## EXERCISE INSTRUCTIONS
From the first line to the last, copy the listing exactly and omit the images.

## DATA
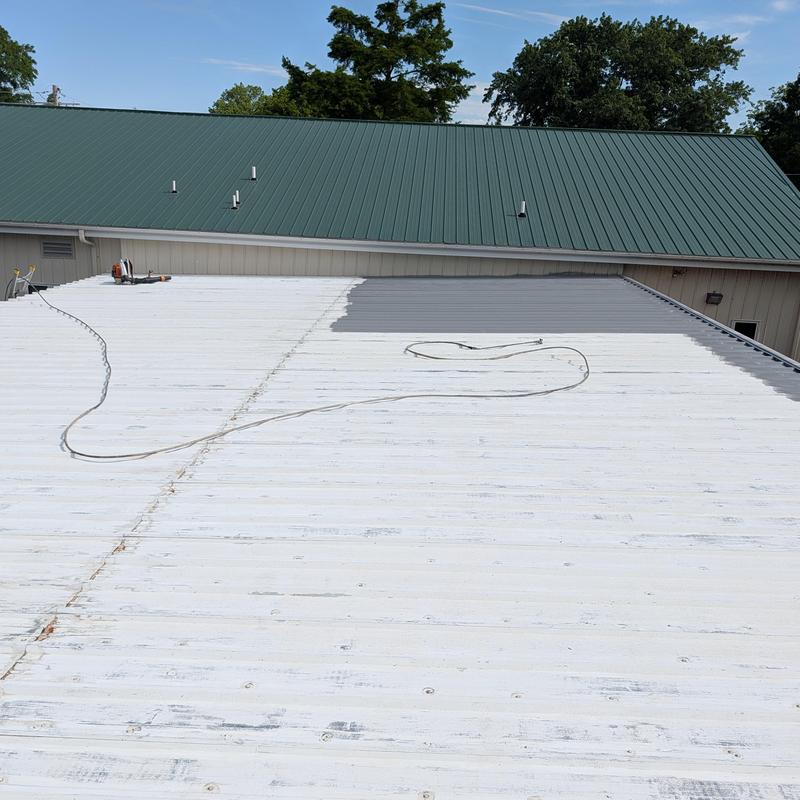 Commercial metal roof with elastomeric coating application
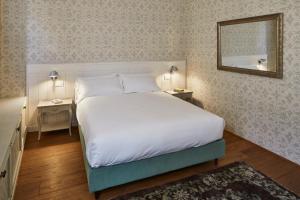 a bedroom with a large white bed and a mirror at Casa Gugù in Ravenna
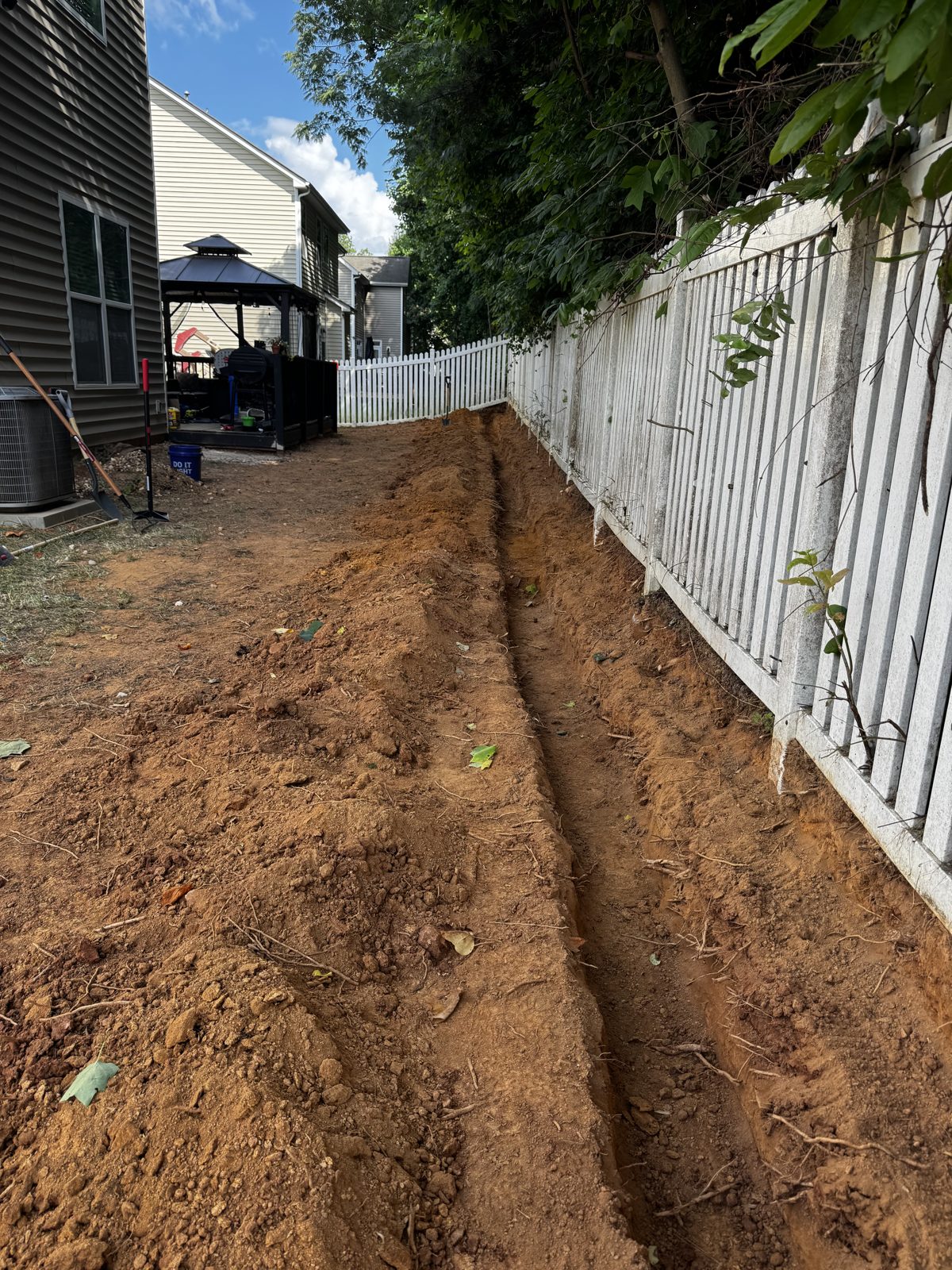Drainage trench dug along the fence line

## SOLUTION
 Commercial metal roof with elastomeric coating application
 a bedroom with a large white bed and a mirror at Casa Gugù in Ravenna
Drainage trench dug along the fence line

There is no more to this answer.